It’s about six weeks into the life of Have I been pwned? now and I’m enormously pleased with the reception its received. The fact that I’ve had to write posts like the micro optimisation one or the one about getting too big for Google and had to deal with all the problems I’ve discussed there has actually been a very rewarding process and by all accounts, people have enjoying reading about it and using the new features I’ve been introducing too.
I’ve had a bunch of very awesome suggestions over that last month and a half and two in particular have kept coming up over and over again. The first one is the subscription service so that you can be automatically notified when you’re pwned in a future data breach. I pushed this out on Xmas eve and as of now there are 16,000 subscribers in the database.
The next one – and this is the focus of today’s post – is domain wide searches:
This is all about significantly broadening the scope of the pwned account search such that all accounts on a particular domain can be returned. There are actually some really good use cases for this so let me walk you through those then introduce the new service.
Why would you want to search by domain?
Good question! The first scenario is all about individuals who use multiple mail accounts or aliases on their own domain. For example, I might choose to register with Adobe using a mail account called email@example.com. If I start getting spam to that email address later on, I know who to blame. Whilst there are many people that asked for this feature for that exact reason, it’s also a bit niche; across the breadth of accounts that get pwned, those of us who actually have our own domains and manage mail records on them are a small few indeed.

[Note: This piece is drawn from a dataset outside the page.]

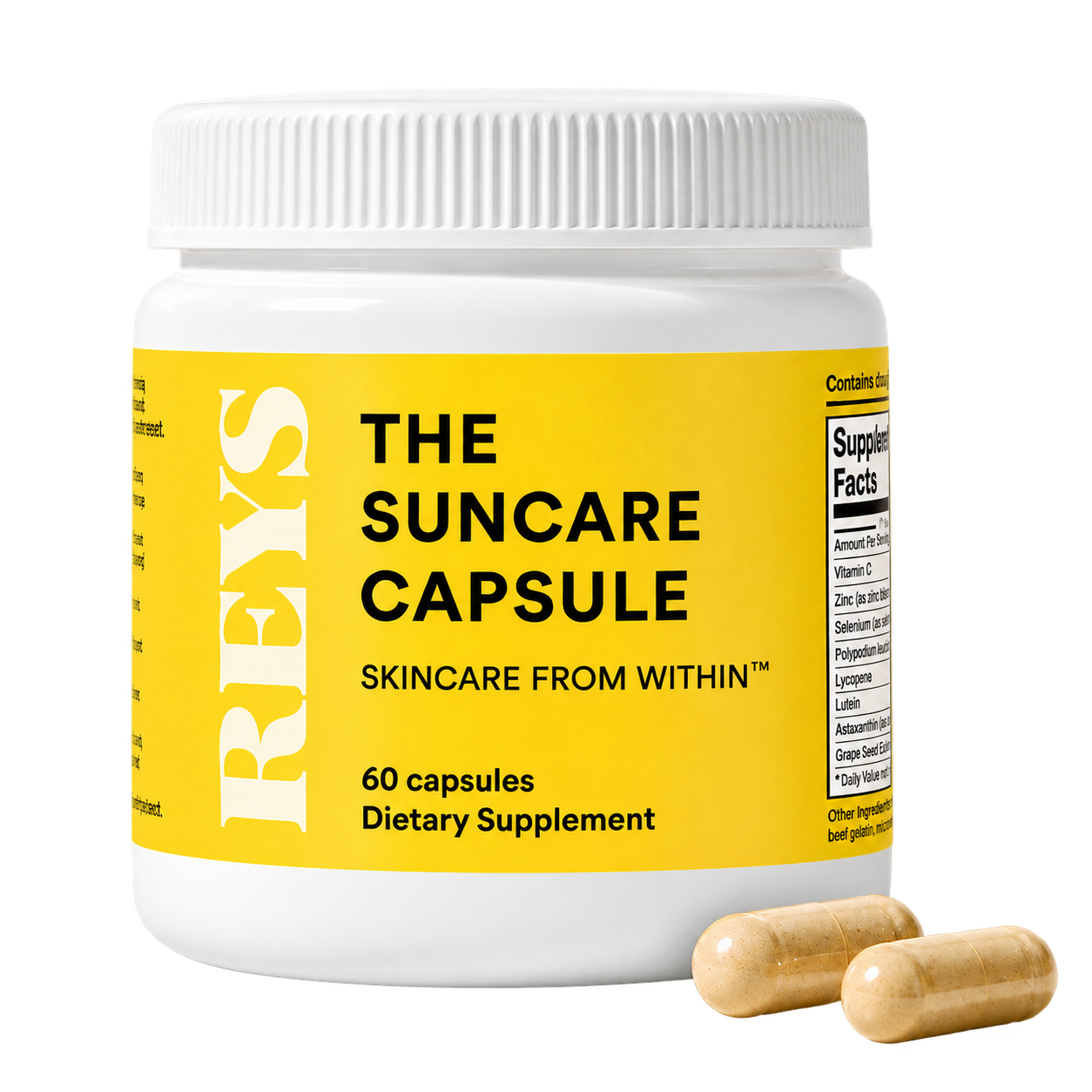 A white bottle of REYS The Suncare Capsule dietary supplement with a yellow label, and two light brown capsules in front.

Here’s what’s not so small – companies who are worried about their employee accounts being pwned. Now you might ask “Why would my employer care that I have an account pwned via Adobe”? One reason is that because people tend to be a bit naughty and reuse their passwords, that individual may have just introduced a risk to the organisation. An attacker gets the breached record for firstname.lastname@example.org and pulls his password from the dump, what do you reckon is the first thing he’s going to try when trying to compromise John’s mail account on Acme’s web mail environment? Exactly. Then of course we see other data that may heighten the risk an employee poses to their employer, for example data that may enable a social engineering attack against services the employee uses on the company’s behalf. Making it possible for employers to assess the breadth of impact when their staffs’ accounts are compromised allows them to make sensible decisions on how they want to handle it. For that, they need the data.
There are other use cases beyond these (penetration testers – sit tight – I know what you want!) but these are the ones that kept coming up over and over. Now I don’t just want anyone to be able to come and grab all the breached accounts for a particular domain, there has to be some due diligence and that’s why I’ve implemented a verification process.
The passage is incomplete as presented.